Benedikt Sebastian stars as Mosley, an ex-cop living in L.A. (Is the name a salute to crime novelist Walter Mosley? Perhaps.) Mosley reluctantly decides to turn private eye after he’s approached by his new neighbor, Zemira (Olivia Buckle), with an assignment. Zemira claims that she’s being blackmailed by a quick-tempered brute named Boyd (Robert Ackerman Moss), and she wants Mosley to help her escape from his clutches. What she doesn’t tell him is that she’s a bank robber working under Boyd. As Mosley investigates, he runs into several other characters who may or may not be up to no good, including Zemira’s ex-husband James (Jay Habre) and Keisha (Sara Elizabeth Ryan), a young woman who prides herself on the fact that she hates to read yet works in a bookstore.
While much of Toxic Impulses feels familiar — for instance, a certain good guy is certain to actually be a bad guy, a twist that can be spotted even from a Chinese spy balloon 60,000 feet in the air — a few interludes prove to be unexpected, none more so than a major plot pirouette that occurs entering the home stretch. It’s a startling development, to say the least.

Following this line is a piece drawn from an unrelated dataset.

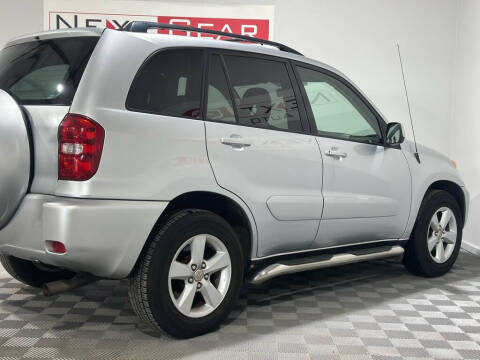 2004 Toyota RAV4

Buckle was an interesting choice to play Zemira — we’re used to our noir leading ladies looking as slinky and sultry as Gene Tierney or Lauren Bacall, but here the femme fatale has been recast as the girl next door. Sebastian brings an affable hangdog quality to his character — if Mosley has a screen antecedent, it wouldn’t be Humphrey Bogart’s steely Philip Marlowe in Howard Hawks’ The Big Sleep but Elliott Gould’s shambling Philip Marlowe in Robert Altman’s The Long Goodbye. Yet what amused me most about this character is that, intentionally or not, Mosley comes across as a complete imbecile: unable to read people, not picking up on obvious clues that something’s amiss, and wasting valuable time chasing what’s obviously a false lead long after the point that even a 5-year-old would have grasped the situation. Mosley is like the Forrest Gump of former flatfoots, the Inspector Clouseau of indie investigators, and the Spicoli of shuffling shamuses all rolled into one.
(Toxic Impulses is available to rent or purchase on Amazon Prime, Google Play, and other streaming services.)